In many ways, Boyhood is the Reservoir Dogs of coming-of-age films. Just as Tarantino’s debut was able to make a defining bank robber film without ever showing us the bank robbery, Linklater devotes the grand majority of Boyhood’s 166 minute running-time to what one might consider the conjunctions of adolescence, rather than the main events. Patricia Arquette’s maternal character Olivia lists such events near the end of the film (“the time I taught you to ride a bike, the time we thought you might be dyslexic…”) and yet Mason Jr.’s nonplussed reaction seems only to reinforce the idea that human narrative is not conventional narrative. Boyhood‘s strength lies in its devotion to the former.
Many of the big events that shape us are things that happen to others and in turn affect us indirectly: births, deaths, marriages, divorces. Indeed, even during the abusive-relationship arc, we see consequences of actions far more than we see actions themselves.
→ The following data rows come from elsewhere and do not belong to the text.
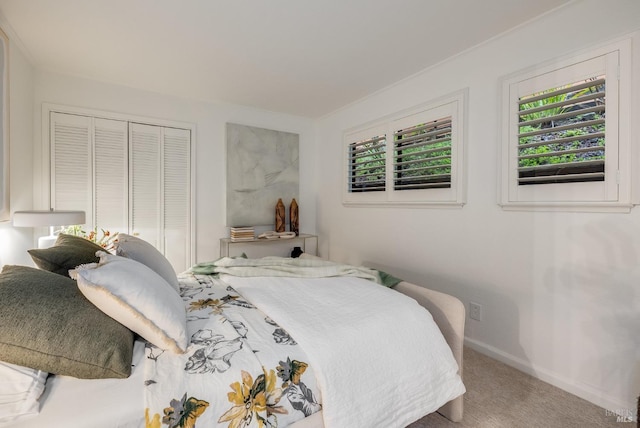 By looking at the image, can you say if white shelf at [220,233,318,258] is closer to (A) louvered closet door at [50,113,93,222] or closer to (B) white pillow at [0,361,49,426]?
(A) louvered closet door at [50,113,93,222]

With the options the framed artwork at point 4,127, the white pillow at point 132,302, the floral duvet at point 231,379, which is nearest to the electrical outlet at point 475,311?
the floral duvet at point 231,379

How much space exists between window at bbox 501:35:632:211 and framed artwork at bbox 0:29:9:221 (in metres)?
3.53

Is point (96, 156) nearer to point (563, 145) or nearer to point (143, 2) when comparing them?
point (143, 2)

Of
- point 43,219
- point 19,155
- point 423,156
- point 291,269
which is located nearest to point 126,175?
point 19,155

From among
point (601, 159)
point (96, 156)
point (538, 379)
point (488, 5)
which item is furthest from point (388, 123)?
point (96, 156)

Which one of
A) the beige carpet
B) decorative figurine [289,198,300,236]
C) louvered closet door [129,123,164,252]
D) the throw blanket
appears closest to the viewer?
the throw blanket

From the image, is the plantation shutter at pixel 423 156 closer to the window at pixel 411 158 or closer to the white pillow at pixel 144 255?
the window at pixel 411 158

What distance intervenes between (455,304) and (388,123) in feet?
7.04

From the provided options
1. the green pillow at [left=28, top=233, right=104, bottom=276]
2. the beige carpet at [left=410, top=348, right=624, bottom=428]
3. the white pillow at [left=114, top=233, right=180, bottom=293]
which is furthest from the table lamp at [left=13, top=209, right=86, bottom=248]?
the beige carpet at [left=410, top=348, right=624, bottom=428]

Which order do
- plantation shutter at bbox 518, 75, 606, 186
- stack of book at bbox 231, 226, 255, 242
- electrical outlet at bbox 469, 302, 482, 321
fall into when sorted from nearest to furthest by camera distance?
plantation shutter at bbox 518, 75, 606, 186
electrical outlet at bbox 469, 302, 482, 321
stack of book at bbox 231, 226, 255, 242

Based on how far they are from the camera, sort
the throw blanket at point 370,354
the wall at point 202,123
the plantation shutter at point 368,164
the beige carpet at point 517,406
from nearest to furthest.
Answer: the throw blanket at point 370,354, the beige carpet at point 517,406, the wall at point 202,123, the plantation shutter at point 368,164

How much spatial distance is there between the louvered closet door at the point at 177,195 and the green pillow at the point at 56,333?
2.43m

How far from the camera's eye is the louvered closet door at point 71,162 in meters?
2.87

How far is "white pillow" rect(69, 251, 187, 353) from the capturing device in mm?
1066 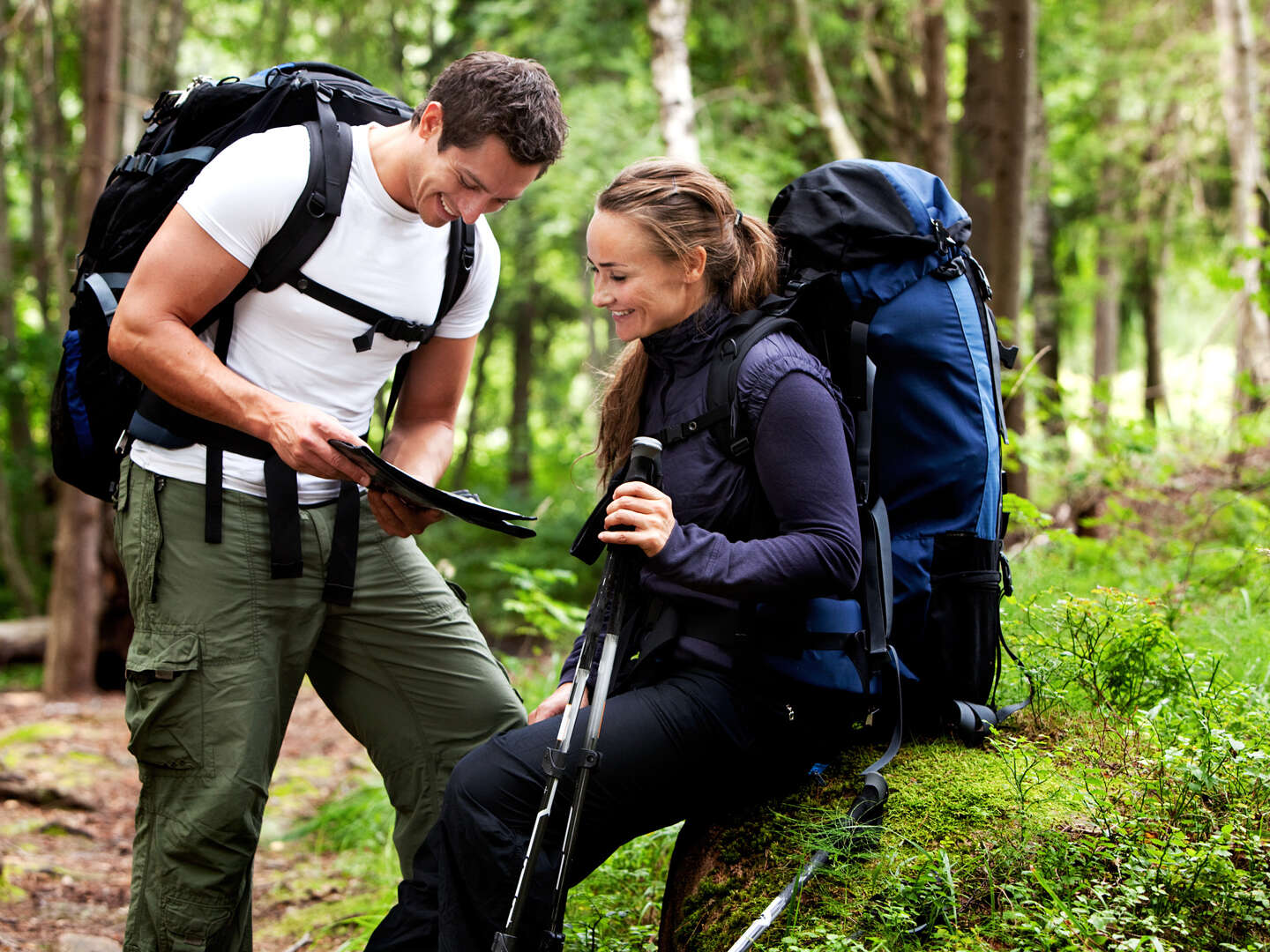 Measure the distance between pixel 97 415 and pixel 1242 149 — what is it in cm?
1070

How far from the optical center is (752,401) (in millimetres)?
2484

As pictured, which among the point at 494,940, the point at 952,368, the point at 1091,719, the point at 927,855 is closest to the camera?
the point at 494,940

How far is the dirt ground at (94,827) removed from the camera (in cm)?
429

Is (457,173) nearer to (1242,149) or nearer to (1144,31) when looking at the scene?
(1242,149)

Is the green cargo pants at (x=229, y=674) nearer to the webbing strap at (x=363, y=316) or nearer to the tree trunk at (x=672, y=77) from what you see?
the webbing strap at (x=363, y=316)

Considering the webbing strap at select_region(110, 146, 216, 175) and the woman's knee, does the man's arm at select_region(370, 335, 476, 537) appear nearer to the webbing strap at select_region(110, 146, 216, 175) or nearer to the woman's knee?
the webbing strap at select_region(110, 146, 216, 175)

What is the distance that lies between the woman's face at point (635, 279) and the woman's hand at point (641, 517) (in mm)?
487

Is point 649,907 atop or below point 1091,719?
below

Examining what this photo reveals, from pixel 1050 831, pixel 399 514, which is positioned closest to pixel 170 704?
pixel 399 514

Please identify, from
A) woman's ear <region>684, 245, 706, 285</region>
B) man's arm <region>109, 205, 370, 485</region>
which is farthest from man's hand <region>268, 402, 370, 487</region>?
woman's ear <region>684, 245, 706, 285</region>

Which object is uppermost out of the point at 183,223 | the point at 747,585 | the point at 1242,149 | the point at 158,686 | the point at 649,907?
the point at 1242,149

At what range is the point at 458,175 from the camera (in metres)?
2.74

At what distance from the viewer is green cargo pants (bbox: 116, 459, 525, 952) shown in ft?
8.99

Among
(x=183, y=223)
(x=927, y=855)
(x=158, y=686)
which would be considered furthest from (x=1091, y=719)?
(x=183, y=223) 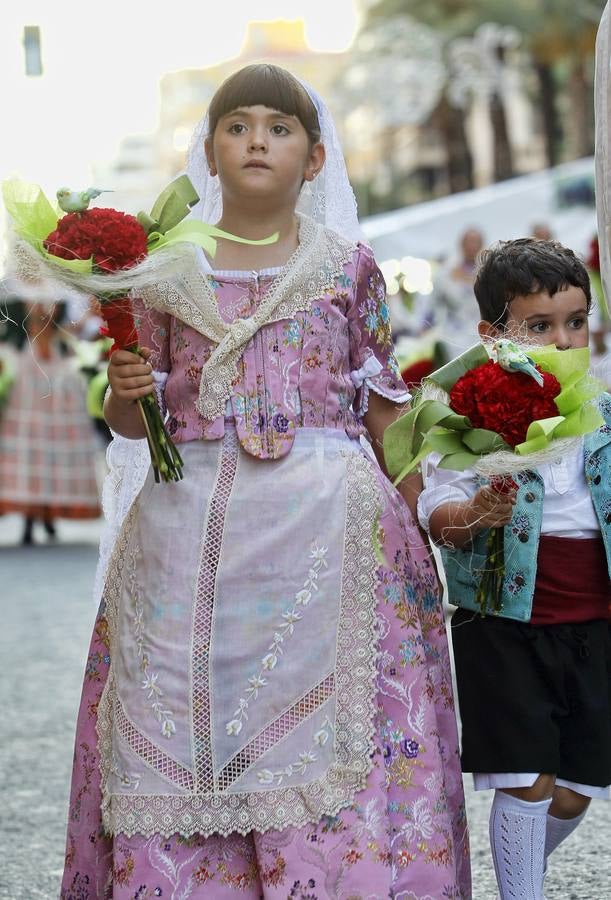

Though the title is Boyhood, as it is seen entirely from Mason Jr.’s perspective, it is a film about a family and the people around it, too. Anything else would be too solipsistic. However, we still experience along with Mason Jr. the perceived insularity of adolescence – at points, other characters seem to rush in and rush out like inversely secondary characters of Rosencrantz and Guildenstern are Dead. The length of the film as well as the deceptive speed with which Mason Jr. does, in fact, seem to grow up means that many characters and events – both the hilarious and traumatic – are surprisingly easily forgotten, but then so easily remembered.Boyhood is only partially defined by what we do not see, however: what we do holds an emotional verisimilitude I have rarely seen before. I was filled with rage and sympathy as Mason Jr.’s hair is coercively cut. My heart beat so hard and fast during the entire arc regarding Olivia’s abusive, alcoholic second husband, I didn’t know if I’d be able to sit through it. I recognised the bemused boredom in constant lectures of responsibility from any passing adult, and the joy of human connections made.
Linklater’s remarkable sense of balance saves Boyhood from over-sentimentality and manages to avoid the classically hokey “it’s the little things that count” revelation. Instead the narrative’s existential nature allows this to be made obvious enough. When, in the final scene, Mason Jr. and Nicole (who may or may not be the girl who passed him a supportive note several years prior) do acknowledge that we do not seize moments as much as “moments seize us” and that “the moment is always right now,” they do so self-consciously high on peyote. They laugh gently at themselves for vocalising what is perhaps a truth only cliché in its universality. Perhaps for the very first time, I was pleased to hear this revelation once again. Firstly, because this film was one of the few works I have ever seen be as emotionally real from the beginning to the end that I felt it had earned its final line. secondly, because of this, its revelation was expressed more articulately than I think I’d ever heard it before.
Due to the nature of my own adolescence, coming-of-age films tend to be brutal experiences for me. I feel no shame or regret in saying, a week later, I am still getting over Boyhood. I am not only glad, but also grateful that this project came to realisation. I thoroughly recommend it to any and all.